When I posted a few days ago about Expansion Ratios, I passed along Teradata’s estimate that there was a significant gap between Teradata and IBM. IBM’s own estimate, however, is that a typical Expansion Ratio for DB2 is a Teradata-like 2-3X in DB2 Version 8, and that it’s falling further in Version 9 due to compression. (DB2’s compression sounds like it’s the most aggressive in the business, specialty columnar or MOLAP products perhaps excepted.) Incidentally, this suggests that the indexing features DB2 has that Teradata doesn’t – e.g., alternate datatypes like geospatial – aren’t heavily used by a large fraction of the customer base.
In MOLAP systems, explosion/expansion ratios are primarily based on technical features.
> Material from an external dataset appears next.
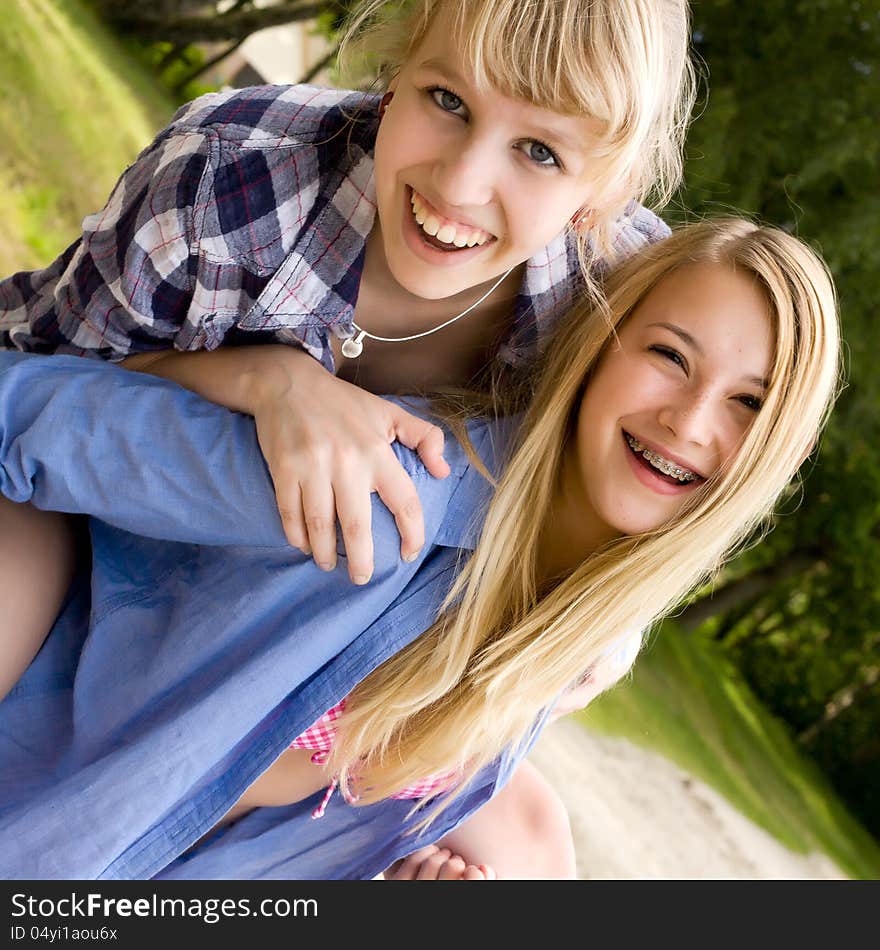 Two girls are having fun in the summer sun. Two girls are having fun in the summer sun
But in ROLAP the greatest deciding factor is often the degree of indexing and aggregation users choose to use in order to get performance – including prejoins, materialized views, denormalization, etc. Increasingly, IBM’s favored and recommended data architecture strategy is similar to Teradata’s, which basically boils down to:
- Normalize everything.
- To make MPP work, you have to distribute the data across the nodes. So you might as well hash partition it on a useful key or set of keys, which in effect gives a little indexing and join acceleration for free. (More than a little, actually, if the data structure is a fairly simple one with a single fact table.)
- Depending on workloads, put other column indices in place.
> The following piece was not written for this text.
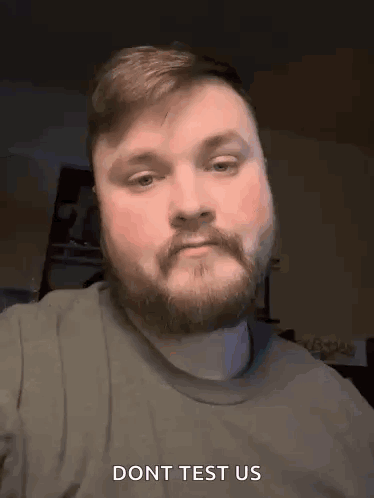 A Man With A Beard And Mustache Is Making A Funny Face And Says Do N't Test Us . GIF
- Selectively add materialized views/join indices.
- Multilevel range partitioning is extremely useful, and any vendor who doesn’t have it should be working on it actively.
By way of contrast, DATallegro would endorse 1, 2, and 5, but argue that table scans via sequential reads (I’ve happily given up the “coarse-grained” terminology, since almost nobody cares) obviate most or all of the need for 3 and 4. And Netezza – well, I guess I shouldn’t comment on their views, because of their strict NDA policy.
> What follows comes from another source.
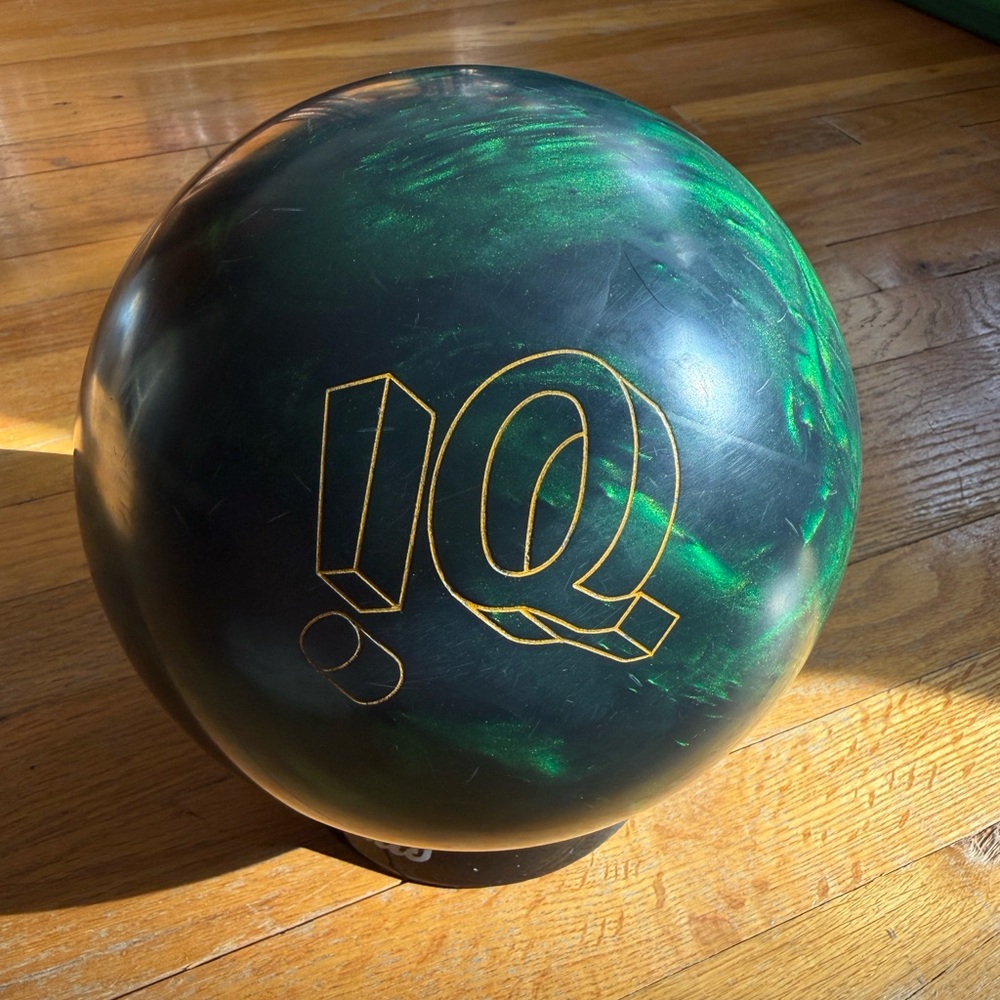 Storm IQ Bowling Ball Green two hands.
That difference in approach underscores a key IBM/Teradata claim – if you want to do small queries with high performance, you need indices. And if you want to do truly mixed workloads — including “operational” or “low-latency” BI, or even high-volume scheduled reporting — you need to be able to execute efficiently on those kinds of queries. And the thing is – Netezza’s customer Ross Stores notwithstanding, I don’t know of a lot of counterexamples in the DATallegro or Netezza customer bases disproving that claim.
Finally, there is the matter of custom or preconfigured hardware. Historically, distributed DB2 had been sold as a software-only product. But in response to the market disruption caused by the appliance upstarts, IBM’s response was basically “Twist my arm – please!” Base Configuration Units (BCU) are either a consulting template (if you don’t want to use IBM branded hardware) or an actual hardware configuration (if you do). Either way, IBM sells more than a hardware license. There also is some discussion of special database acceleration chips, but given how IBM folks seem not to hear me when I ask about them, I presume they’re not yet a major issue worth talking about.
As for Teradata – well, they’re obviously a hardware/software bundler through and through.